• Work task: Find the line containing "5 Lat Teatru KĄT (Dzień drugi)" in the listing below. Repeat it exactly, along with each following line up to and including the one containing "100 Best Physique".

• The records:
● ● ● ●

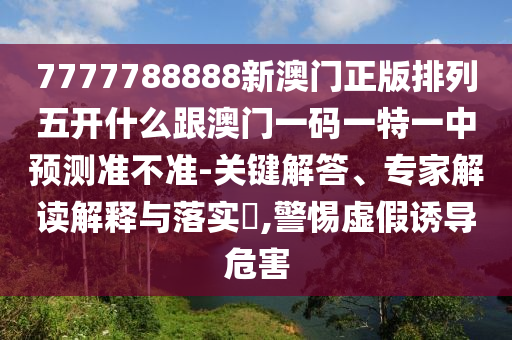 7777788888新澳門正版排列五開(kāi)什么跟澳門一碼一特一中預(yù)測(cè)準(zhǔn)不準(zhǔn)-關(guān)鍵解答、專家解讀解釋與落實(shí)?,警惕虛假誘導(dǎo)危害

● ● ● ●

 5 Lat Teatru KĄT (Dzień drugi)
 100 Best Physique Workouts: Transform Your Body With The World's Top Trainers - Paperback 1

● ● ● ●

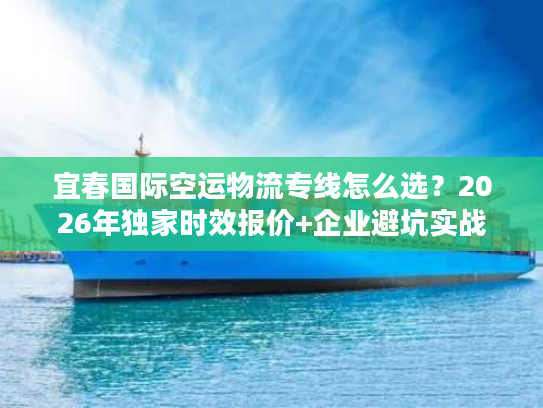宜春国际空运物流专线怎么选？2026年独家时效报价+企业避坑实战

● ● ● ●

• Finished task:
 5 Lat Teatru KĄT (Dzień drugi)
 100 Best Physique Workouts: Transform Your Body With The World's Top Trainers - Paperback 1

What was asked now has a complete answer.